How long have I known you, Oh Canada? A hundred years? Yes, a hundred years. And many, many seelanum more. And today, when you celebrate your hundred years, Oh Canada, I am sad for all the Indian people throughout the land.

For I have known you when your forests were mine; when they gave me my meat and my clothing. I have known you in your streams and rivers where your fish flashed and danced in the sun, where the waters said ‘come, come and eat of my abundance.’ I have known you in the freedom of the winds. And my spirit, like the winds, once roamed your good lands.

But in the long hundred years since the white man came, I have seen my freedom disappear like the salmon going mysteriously out to sea. The white man’s strange customs, which I could not understand, pressed down upon me until I could no longer breathe.

When I fought to protect my land and my home, I was called a savage. When I neither understood nor welcomed his way of life, I was called lazy. When I tried to rule my people, I was stripped of my authority.

My nation was ignored in your history textbooks – they were little more important in the history of Canada than the buffalo that ranged the plains. I was ridiculed in your plays and motion pictures, and when I drank your fire-water, I got drunk – very, very drunk. And I forgot.

Oh Canada, how can I celebrate with you this Centenary, this hundred years? Shall I thank you for the reserves that are left to me of my beautiful forests? For the canned fish of my rivers? For the loss of my pride and authority, even among my own people? For the lack of my will to fight back? No! I must forget what’s past and gone.

Oh God in heaven! Give me back the courage of the olden chiefs. Let me wrestle with my surroundings. Let me again, as in the days of old, dominate my environment. Let me humbly accept this new culture and through it rise up and go on. Oh God! Like the thunderbird of old I shall rise again out of the sea; I shall grab the instruments of the white man’s success – his education, his skills – and with these new tools I shall build my race into the proudest segment of your society.

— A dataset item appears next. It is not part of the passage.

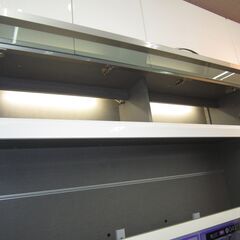 R386 高級 IDC大塚家具 シギヤマ リビングボード 壁面収納 ライト・コンセント付 美品 全幅322cm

Before I follow the great chiefs who have gone before us, Oh Canada, I shall see these things come to pass. I shall see our young braves and our chiefs sitting in the houses of law and government, ruling and being ruled by the knowledge and freedoms of our great land.

So shall we shatter the barriers of our isolation. So shall the next hundred years be the greatest in the proud history of our tribes and nations.

Orange Shirt Day

Image from: https://vangogh.teespring.com
Image from: https://vangogh.teespring.com

“September 30th has been declared Orange Shirt Day annually, in recognition of the harm the residential school system did to children’s sense of self-esteem and wellbeing, and as an affirmation of our commitment to ensure that everyone around us matters.”  (orangeshirtday.org)

Image from: http://anishinabeknews.ca/wp-content/uploads/2014/09/orange-shirt.jpg
Image from: http://anishinabeknews.ca/wp-content/uploads/2014/09/orange-shirt.jpg

This year at Alpha we will be having our Orange Shirt Day on Thursday September 29th as there is no school on the 30th. So mark your calendars! If you need some more information on what this day is about, these sites might help:

Image from: The Library and Archives of Canada
Image from: Blogspot

And if you don’t really know much about residential schools in general, please check out the sites below, because it is an incredibly important part of Canada’s history!:

Did You Know?

At least one-third of your classmates are introverts.  These are the ones that prefer listening over speaking, and having a night in with friends instead of going to a loud party.  Introverts are often overlooked, yet they contribute so much to our world.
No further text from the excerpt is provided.